[Exercise details] Begin with the line below holding "A covered outdoor" and go on through the line holding "living room with", duplicating each line exactly and leaving out pictures.

[Data excerpts]
*** Block opens ***

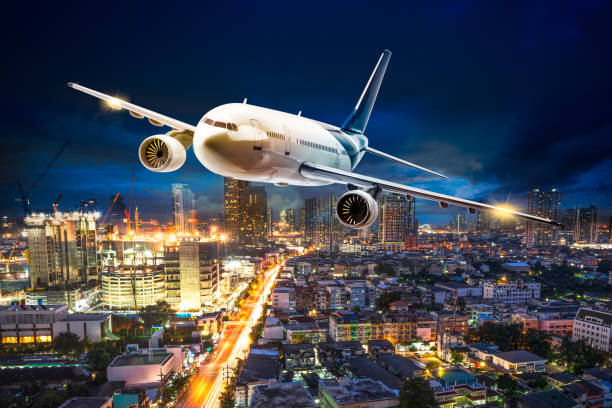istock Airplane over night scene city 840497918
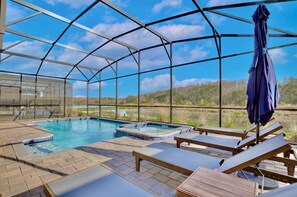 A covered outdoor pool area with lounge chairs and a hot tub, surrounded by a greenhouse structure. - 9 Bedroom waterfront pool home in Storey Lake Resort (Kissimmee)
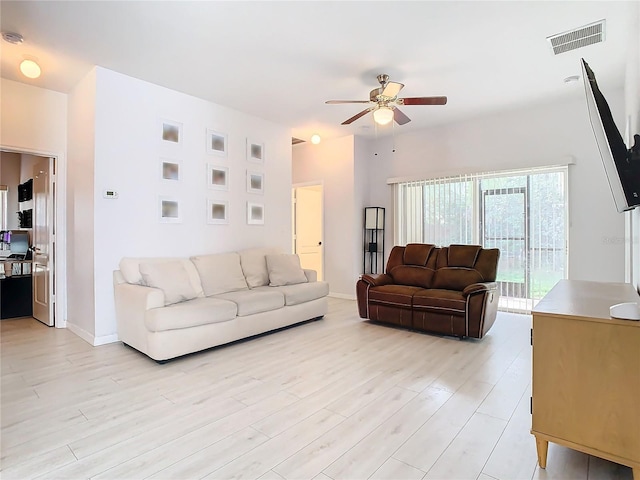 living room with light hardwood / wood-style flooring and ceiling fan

*** Block closes ***
*** Block opens ***

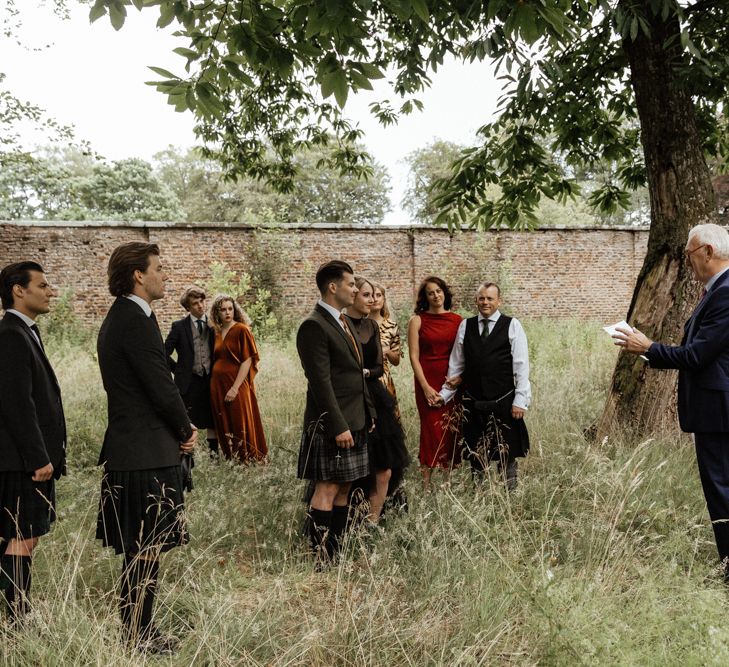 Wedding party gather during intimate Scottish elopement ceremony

*** Block closes ***

[Result]
 A covered outdoor pool area with lounge chairs and a hot tub, surrounded by a greenhouse structure. - 9 Bedroom waterfront pool home in Storey Lake Resort (Kissimmee)
 living room with light hardwood / wood-style flooring and ceiling fan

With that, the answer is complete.